1905年発表、チェスタトンのキャリアでも初期の連作短編集、その新訳。
タイトルの奇商、というのは原題では「Queer Trades」で、奇妙な商売ってことである。入り組んだロンドンの市街に存在するという会員制の「奇商クラブ」、その入会条件はこれまで誰もやっていないし、既存のものの応用でもない商売で生計を立てている、というものだ。
物語の中心となるのは発狂した元判事のバジル・グラント。彼の友人である語り手と、半ば趣味で探偵をやっているグラントの弟がその他のレギュラー・キャラクターである。
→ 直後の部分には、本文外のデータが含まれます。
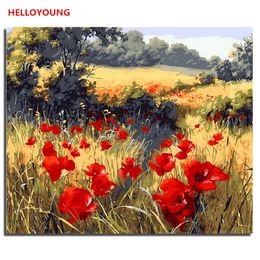 Wildflowers are in full bloom Digital Painting Handpainted Oil Painting by numbers oil paintings chinese scroll paintings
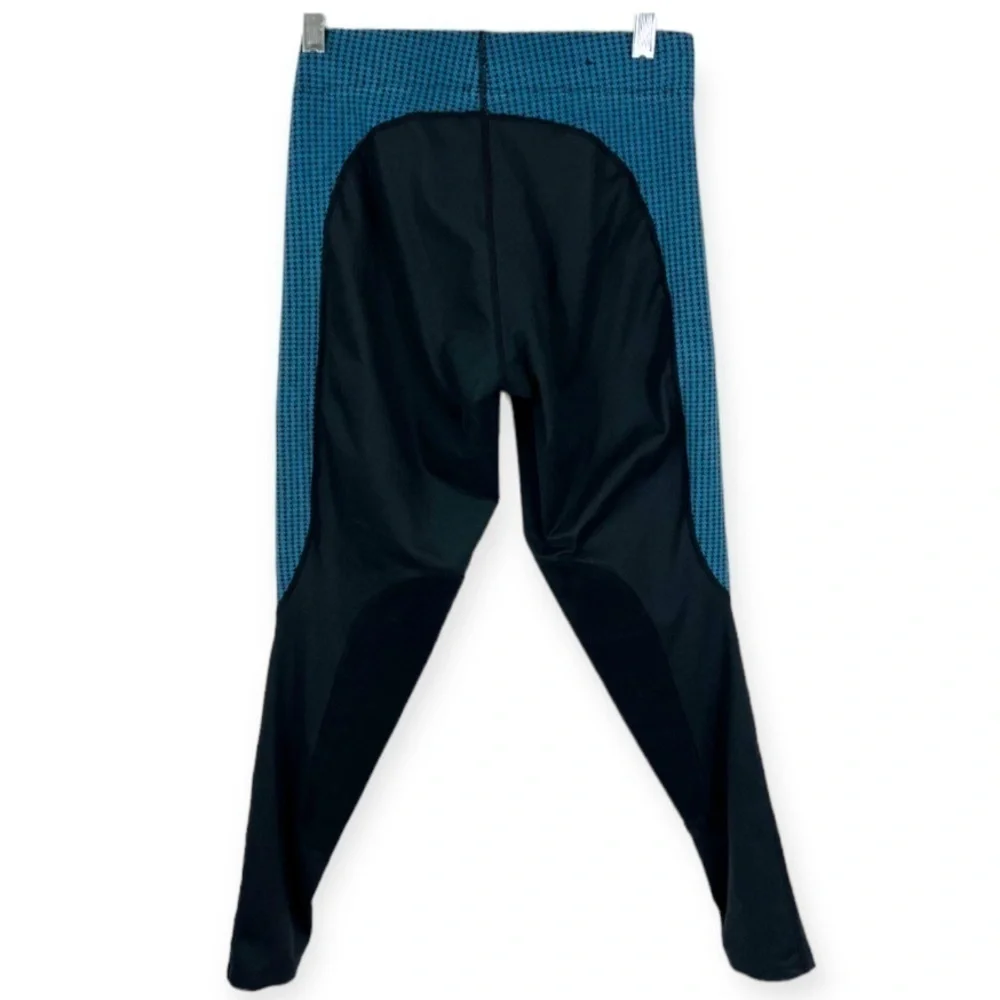 Kerrits Knee Patch Performance Tight Houndstooth Teal Black Junior Medium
各編において、どのような商売がひそかに営まれているのか、というのが読者にとっての謎ではある。しかし、作中人物たちはそういったことについては意識していないのだ。犯罪を匂わせる奇妙な事件に首を突っ込んで(あるいは巻き込まれて)いるうちに、お話のなりゆきでその商売が明らかになるという構成である。それぞれの真相は趣向を凝らしたものだが、グラントがどうした過程を踏んでそこに辿り着いたかは説明されないので、謎解きの興趣は薄い。
一方で、陰惨な事件は起こらないので、読後感は明るい。その奇抜な展開も逆説として捉えるより、ユーモア小説のそれと受け止めたほうがお話としては飲み込みやすい。
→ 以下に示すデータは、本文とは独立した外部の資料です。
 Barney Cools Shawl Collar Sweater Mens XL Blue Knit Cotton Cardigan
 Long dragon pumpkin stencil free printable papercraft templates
収録された6作のうち、前半の3作がそのへんてこな商売や愉快なプロットでストレートに読めるものになっている。後半になるとチェスタトンならではの世間離れしたロジックが出始めていて、「おお、来たな」と思わされるのだが、チェスタトンの作品に親しんでないひとが読んだらわけが判らないかもしれない。
中では、「牧師さんがやって来た恐るべき理由」が特に良いです。馬鹿馬鹿しいお話にリアリティを持たせる説得力のある語りが魅力的。実に人を喰った展開も楽しい。

チェスタトン流〈日常の謎〉というか。これもチェスタトンしか書けない類のお話ですね。軽めではあるけれど、面白かった。